Eu não conseguiria escrever uma resenha sobre esse livro sem
dar uma atenção especial ao ‘personagem principal’ – de certa forma. Kevin é um
psicopata, isso fica claro desde, bem, desde seu nascimento, e o modo como Eva
o analisa é algo simplesmente aterrorizante. Cada cena, cada fato, cada
acontecimento que envolve o garoto – desde que tinha meses de vida – me deixaram
sem ar, aflita e com um tremendo ódio.
Se fosse eu, já teria me livrado daquela criança há muito,
muito tempo – ou teria dado no pé.
Acredito que o principal dilema de todo o livro não seja a
questão de “por que ele matou seus colegas de classe, a professora e um
faxineiro?” e nem “por que daquele
jeito?”, mas o grande dilema, a grande questão do livro é: “A gente pode odiar
nossos filhos?” E eu não falo ‘odiar’ naquele sentido de ‘ficarmos com raiva
por um momento, espumando pela boca’.
Eu digo ódio, raiva, desprezo.
Será que é possível uma mãe sentir esse tipo de coisa pelo seu próprio filho?
Sentir vontade de se jogar da ponte, só para não ter que olhar para a cara do
moleque, sentir vontade de matá-lo com um travesseiro, abandoná-lo num parque
escuro, arremessá-lo numa parede com força, tentar matá-lo?
Isso é possível?
Esse, sem dúvidas, foi o grande dilema que me marcou durante
a leitura. Enquanto observava Eva fazendo suas visitas semanais a Kevin na
prisão e lia sobre os acontecimentos repugnantes que rondavam o garoto, eu tive
quase certeza de que... Se fosse meu filho, eu o odiaria com todas as minhas
forças.
Eu o mataria, se tivesse chances.
Mas esse não é o único lado de Kevin.

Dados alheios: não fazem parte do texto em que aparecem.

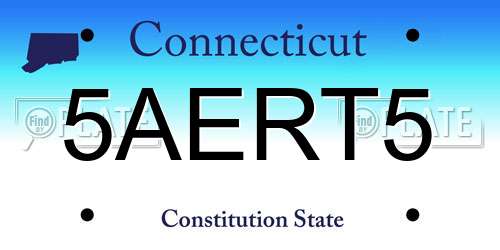 5AERT5 Connecticut License Plate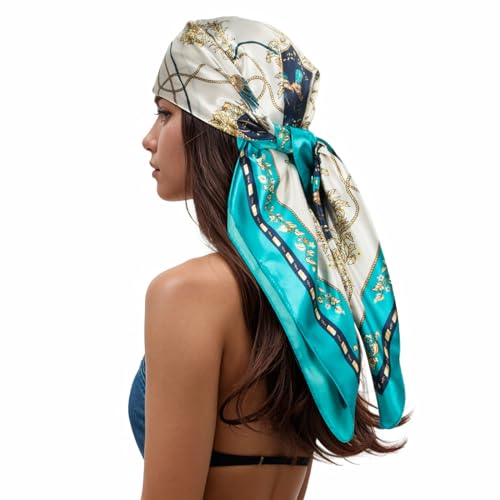 RIIQIICHY Head Scarf for Women Like Silk Scarf Hair Scarf Printed Square Scarf Bandanas for Women 35 Inches Turquoise/Navy/Gold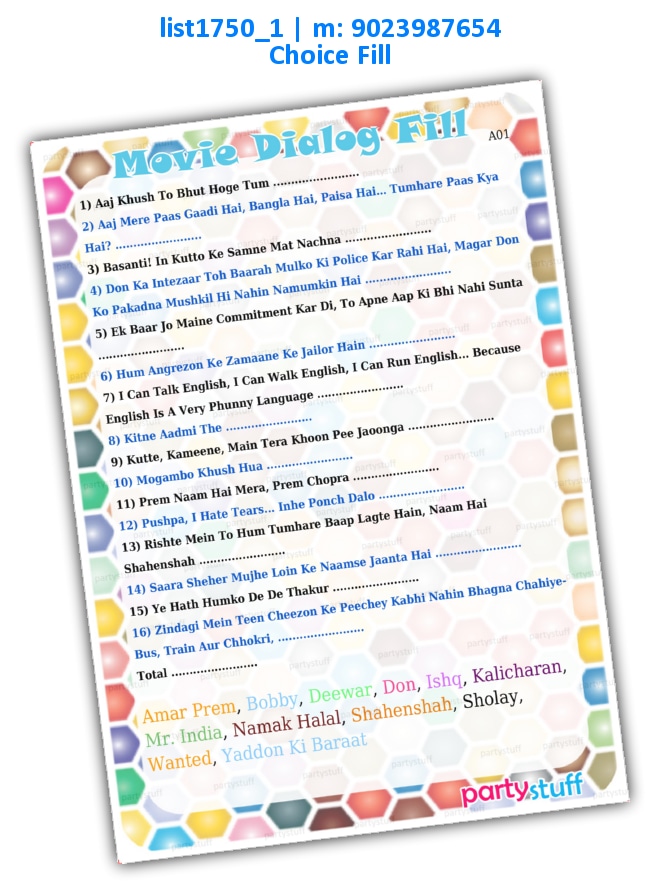 Dialogue Movie Fill Choice list1750_1 Printed Paper Games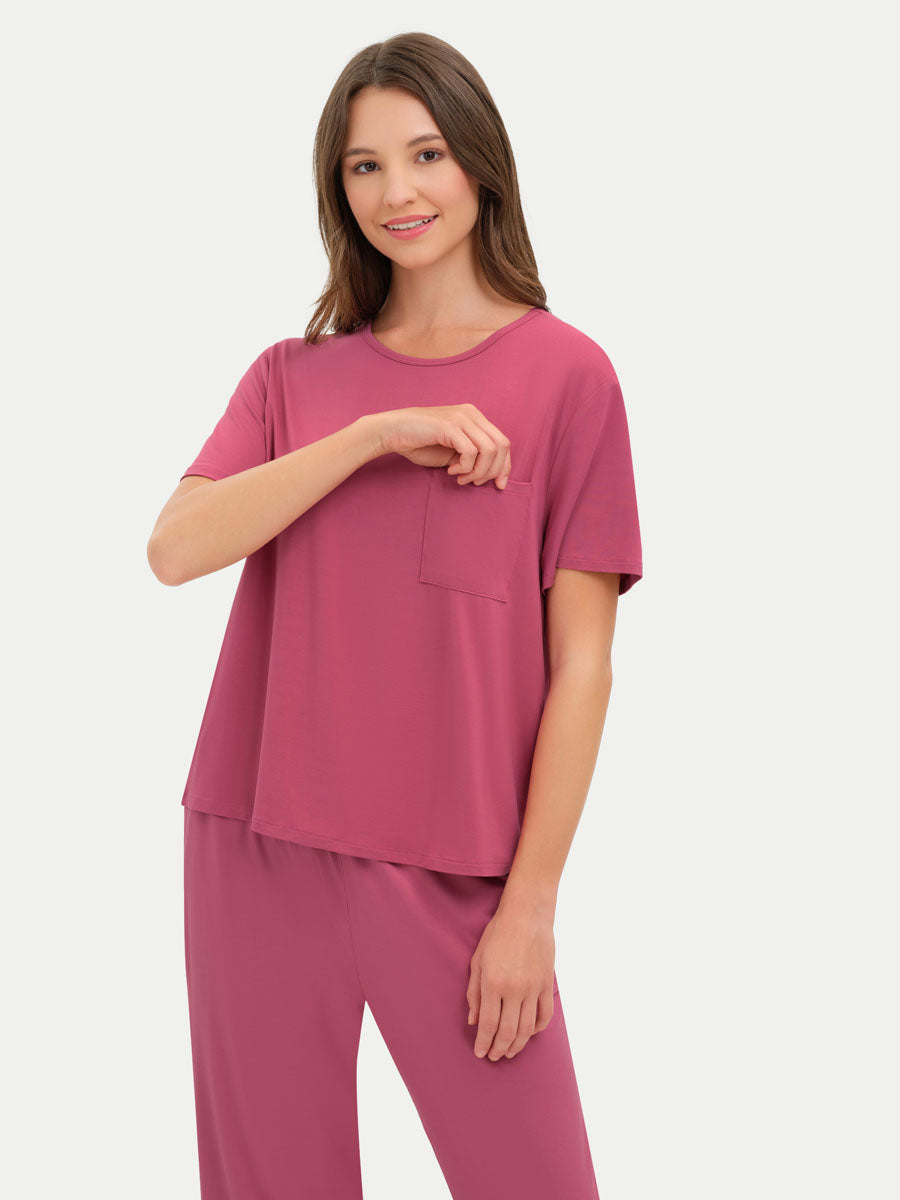 #color_rose wine / Crystiana is 5′11″ wearing a size S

Eva também nos ensina
que psicopatas não têm um pingo de sentimentos, mas também são absurdamente
inteligentes. E eu admiro isso profundamente em Kevin. Ele era tão
inteligente, tão incrivelmente esperto que... Você chega a admirá-lo – não pelo
o que fez, é claro – de certa forma.
Não pretendo dar nenhum spoiler, é claro, e somente digo uma
coisa: Leiam esse livro. Por favor. Ele precisa ser lido, entendido, admirado,
odiado. Foi o único livro, o único,
que me fez sentir ódio, um tremendo ódio, de um personagem.

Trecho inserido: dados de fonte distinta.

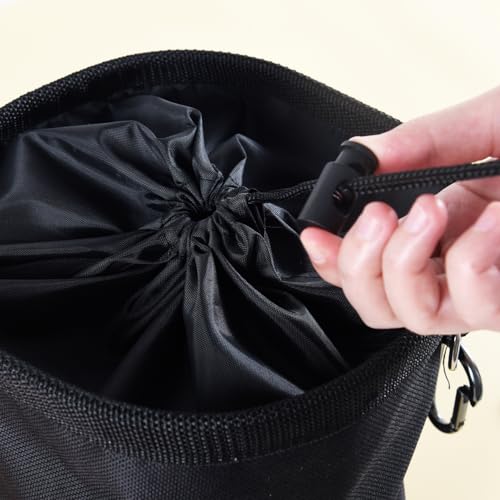 Ezranova Wäscheklammerbeutel mit Haken zum aufhängen, für bis zu 100 Wäscheklammern, schmutzsicherer Klammerbeutel für frische Wäsche, Klammerkorb aus engmaschigen Stoff, peg Bag, schwarz
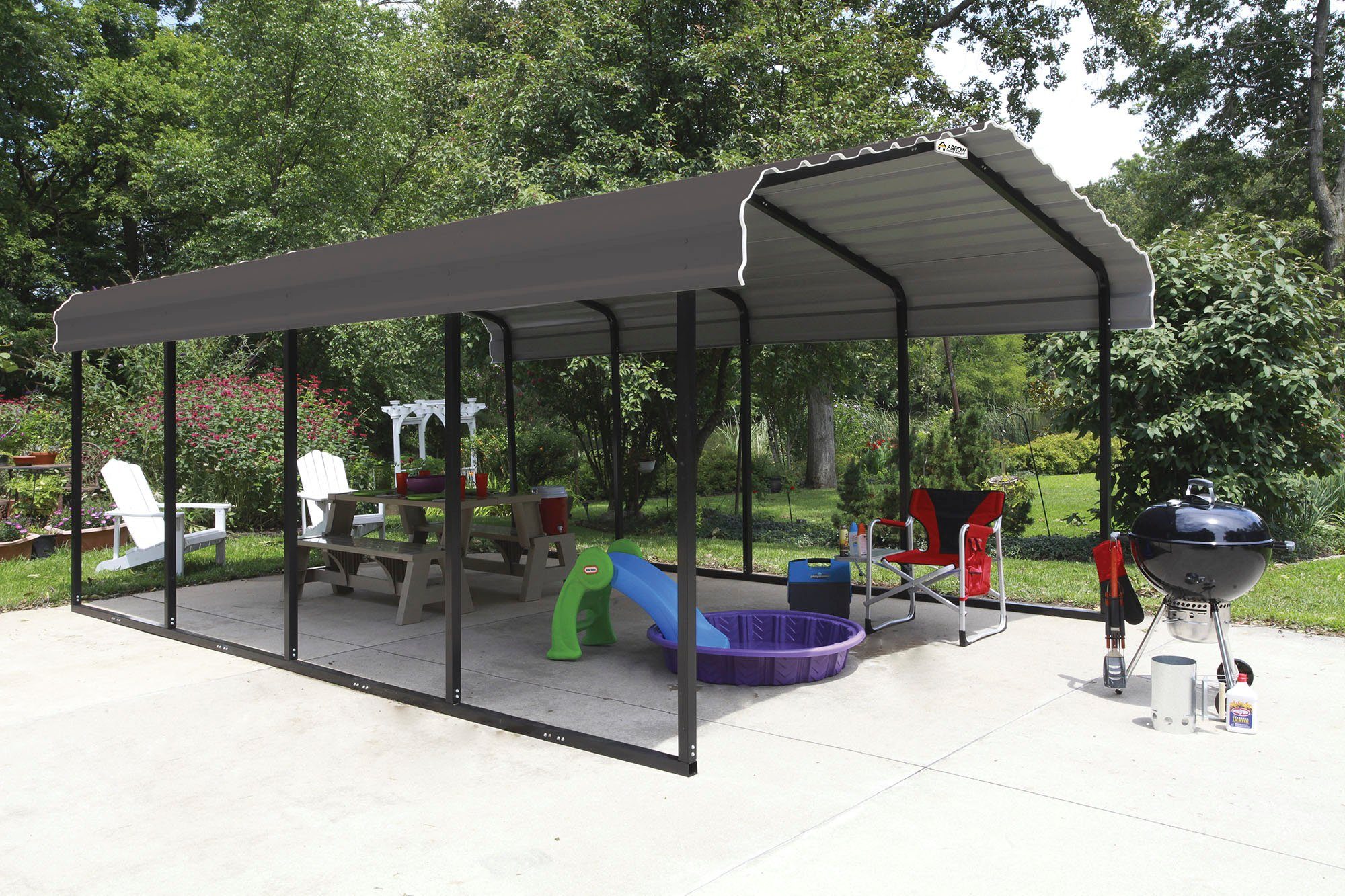 210 Stahl Rom, verzinktem BxT: Einfahrtshöhe, 370x600 cm Einzelcarport ShelterLogic cm, aus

Pior. Foi o único livro que me deixou com medo. Medo mesmo.
Medo de verdade.
Medo do Kevin.
É um livro altamente incrível que – preciso falar sobre isso
– me deixou sem sono e um pouco modificada por dentro. Esse é um daqueles livros que mexem com seu interior, modifica de
uma forma, que é impossível retornar ao que era antes.
Você sempre vai pensar “Kevin falaria isso” ou então “Kevin
fez isso assim”. E sempre que vir um mapa vai pensar em Eva, em como ela amava
viajar pelo mundo – aliás, esse livro me abriu o apetite para viajar para
lugares exóticos! – e explorar cantos que ninguém nunca foi. Vai lembrar
Franklin com seu rosto bronzeado e seu jeito divertido de americano padrão.
E, se você deseja ter filhos, bem, pense um pouco antes de
tomar a decisão, ok?
Lembre-se de Kevin.
Você seria capaz de lidar com um filho como ele?